The monument on the right, however, is also of interest to us (see second photo immediately below). It commemorates the life of Knyazhnin’s wife Yekaterina (1746-1797), who was not only the daughter of Russia’s first great playwright Alexander Sumarokov, she was, according to many sources, the first woman to have published poetry in Russia. It’s a hard story to follow on short-notice research, and I do not claim to present the gospel truth here. But it would appear that some of her work, usually with the support of her famous father, perhaps sometimes with the aid of her husband, did make it into print during her lifetime. Some claim these were actually poems written by Sumarakov, and, naturally, there are claims that her work was “edited” by her father and her husband. It was once believed that several of her songs were put to music by the Russia-based German composer German Raupach, but that apparently has been disproved. One can also find conjecture that Knyazhnina published several of her poems under pseudonyms – not at all unexpected for the late 18th century. We do know that she published a poem, “Oh, You, Who Is Always,” in the March 1759 issue of the literary journal The Busy Bee. This is the one that marks her as Russia’s first published woman writer.
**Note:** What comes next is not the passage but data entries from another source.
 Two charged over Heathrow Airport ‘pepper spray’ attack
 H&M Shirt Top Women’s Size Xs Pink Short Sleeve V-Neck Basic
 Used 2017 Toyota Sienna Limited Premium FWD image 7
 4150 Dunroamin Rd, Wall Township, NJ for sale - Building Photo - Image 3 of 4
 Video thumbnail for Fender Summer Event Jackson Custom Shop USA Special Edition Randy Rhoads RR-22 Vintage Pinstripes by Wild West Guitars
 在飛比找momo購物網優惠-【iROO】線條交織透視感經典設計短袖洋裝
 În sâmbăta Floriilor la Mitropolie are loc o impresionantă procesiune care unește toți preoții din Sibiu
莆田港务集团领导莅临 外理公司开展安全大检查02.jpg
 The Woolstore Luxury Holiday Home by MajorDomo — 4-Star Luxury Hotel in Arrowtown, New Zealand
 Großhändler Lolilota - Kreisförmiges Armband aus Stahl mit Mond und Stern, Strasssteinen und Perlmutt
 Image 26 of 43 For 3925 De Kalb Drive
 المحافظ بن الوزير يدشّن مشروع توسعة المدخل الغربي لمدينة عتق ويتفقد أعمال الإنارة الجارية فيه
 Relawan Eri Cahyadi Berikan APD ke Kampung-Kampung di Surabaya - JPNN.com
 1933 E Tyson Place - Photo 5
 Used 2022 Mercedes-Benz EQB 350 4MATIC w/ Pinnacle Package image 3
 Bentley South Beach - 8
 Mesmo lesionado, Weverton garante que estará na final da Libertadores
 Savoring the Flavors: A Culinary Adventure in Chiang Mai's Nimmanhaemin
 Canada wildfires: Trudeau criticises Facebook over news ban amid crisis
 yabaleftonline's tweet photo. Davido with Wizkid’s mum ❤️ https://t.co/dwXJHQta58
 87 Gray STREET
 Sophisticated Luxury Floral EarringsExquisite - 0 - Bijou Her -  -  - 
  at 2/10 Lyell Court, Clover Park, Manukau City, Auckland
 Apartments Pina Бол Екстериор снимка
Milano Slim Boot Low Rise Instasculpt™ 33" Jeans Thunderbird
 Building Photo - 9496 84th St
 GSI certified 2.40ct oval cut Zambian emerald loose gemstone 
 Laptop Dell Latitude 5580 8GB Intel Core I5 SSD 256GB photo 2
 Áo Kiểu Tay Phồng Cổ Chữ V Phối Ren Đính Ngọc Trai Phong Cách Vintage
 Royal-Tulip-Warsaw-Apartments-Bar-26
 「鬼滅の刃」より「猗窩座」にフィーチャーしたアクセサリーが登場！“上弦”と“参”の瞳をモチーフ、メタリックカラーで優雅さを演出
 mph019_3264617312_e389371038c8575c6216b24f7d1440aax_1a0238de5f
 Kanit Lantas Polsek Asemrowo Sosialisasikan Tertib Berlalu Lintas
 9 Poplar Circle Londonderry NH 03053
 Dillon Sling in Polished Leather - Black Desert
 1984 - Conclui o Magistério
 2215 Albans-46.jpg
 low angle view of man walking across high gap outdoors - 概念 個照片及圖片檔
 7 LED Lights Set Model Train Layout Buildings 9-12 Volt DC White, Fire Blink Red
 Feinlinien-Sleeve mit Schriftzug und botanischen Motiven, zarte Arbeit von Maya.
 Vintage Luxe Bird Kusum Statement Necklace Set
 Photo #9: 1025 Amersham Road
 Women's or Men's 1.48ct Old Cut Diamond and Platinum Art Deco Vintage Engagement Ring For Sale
Both Knyazhnin and his wife took it on the chin from Ivan Krylov, Russia’s first great writer of fables. In a comedy called Pranksters, Krylov satirized Knyazhnin as Verse-Stealer (Rifmokrad) and Knyazhnina as Babbler (Taratora). Supposedly it was Knyazhnina who insulted Krylov and pushed him to attack her family, although the details of the incident are not readily available to an internet-searcher. Most sources simply state that the attack was “probably” due to some personal insult.
The couple was originally buried in the Smolenskoye Cemetery in St. Petersburg, but were moved to the 18th-century necropolis in the 1950s, where their monuments are crammed in tightly and rather forlornly among other prominent personages of the 18th and early 19th centuries.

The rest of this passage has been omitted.